__SOURCE DATA__
------------------------
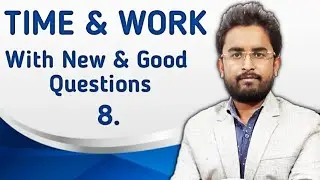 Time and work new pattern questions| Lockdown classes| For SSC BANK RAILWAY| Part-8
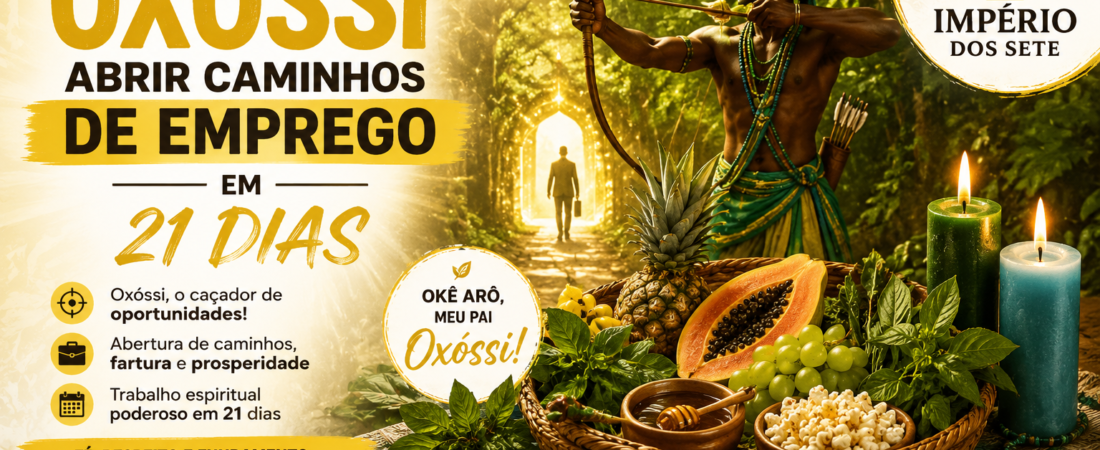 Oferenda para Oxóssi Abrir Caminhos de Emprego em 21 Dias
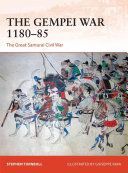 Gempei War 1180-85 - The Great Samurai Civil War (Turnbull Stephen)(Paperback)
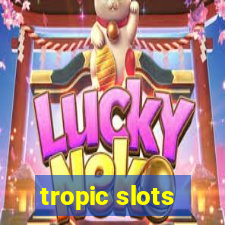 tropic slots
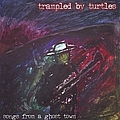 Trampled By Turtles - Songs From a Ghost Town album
------------------------
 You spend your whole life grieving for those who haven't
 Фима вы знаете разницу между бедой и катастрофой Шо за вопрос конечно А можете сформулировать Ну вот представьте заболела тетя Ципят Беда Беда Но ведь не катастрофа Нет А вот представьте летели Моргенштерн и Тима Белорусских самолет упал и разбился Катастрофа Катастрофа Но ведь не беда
------------------------
__ACTIVITY__
In the listing above, find the line containing "Time and work" and the line containing "Trampled By Turtles". Reproduce those lines and all between them exactly, with no pictures and nothing more.

__YOUR SOLUTION__
 Time and work new pattern questions| Lockdown classes| For SSC BANK RAILWAY| Part-8
 Oferenda para Oxóssi Abrir Caminhos de Emprego em 21 Dias
 Gempei War 1180-85 - The Great Samurai Civil War (Turnbull Stephen)(Paperback)
 tropic slots
 Trampled By Turtles - Songs From a Ghost Town album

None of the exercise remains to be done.